Demonstrating that students are the experts of their own language practices, experiences, and identities, the authors argue that a proactive translingual pedagogy is more than an openness to students’ spontaneous language variations. Rather, this proactive approach requires students and instructors to think about students’ holistic communicative repertoire, and how it relates to their writing. Robinson, Hall, and Navarro address students’ complex negotiations and performative responses to the linguistic identities imposed upon them because of their skin color, educational background, perceived geographical origin, immigration status, and the many other cues used to "minoritize" them. Drawing on multiple disciplinary discourses of language and identity, and considering the translingual practices and transnational experiences of both U.S. resident and international students, this volume provides a nuanced analysis of students’ own perspectives and self-examinations of their complex identities. By introducing and addressing the voices and self-reflections of undergraduate and graduate students, the authors shine a light on translingual and transnational identities and positionalities in order to promote and implement inclusive and effective pedagogies.

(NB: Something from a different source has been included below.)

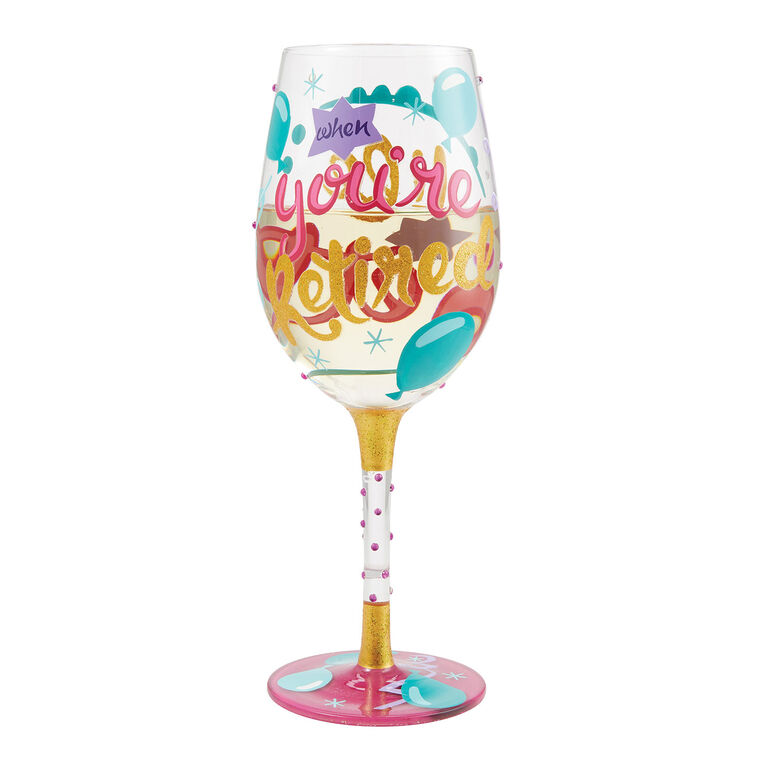 Hallmark Lolita Life Is Better When Retired Wine Glass 15 Oz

This book offers a unique yet essential perspective on translinguality and transnationality, and is relevant to instructors in writing and language classrooms; to administrators of writing programs and international student support programs; and to graduate students and scholars in language education, second language writing, applied linguistics, and literacy studies.

Heather Robinson is an associate professor of English at York College, CUNY, USA.

Jonathan Hall is a professor of English at York College, CUNY, USA.

Nela Navarro is the Director of the Graduate English Language Learners and International Teaching Assistants Program at Rutgers English Language Institute (RELI), and an assistant teaching professor and assistant director of the English Writing Program at Rutgers University, USA.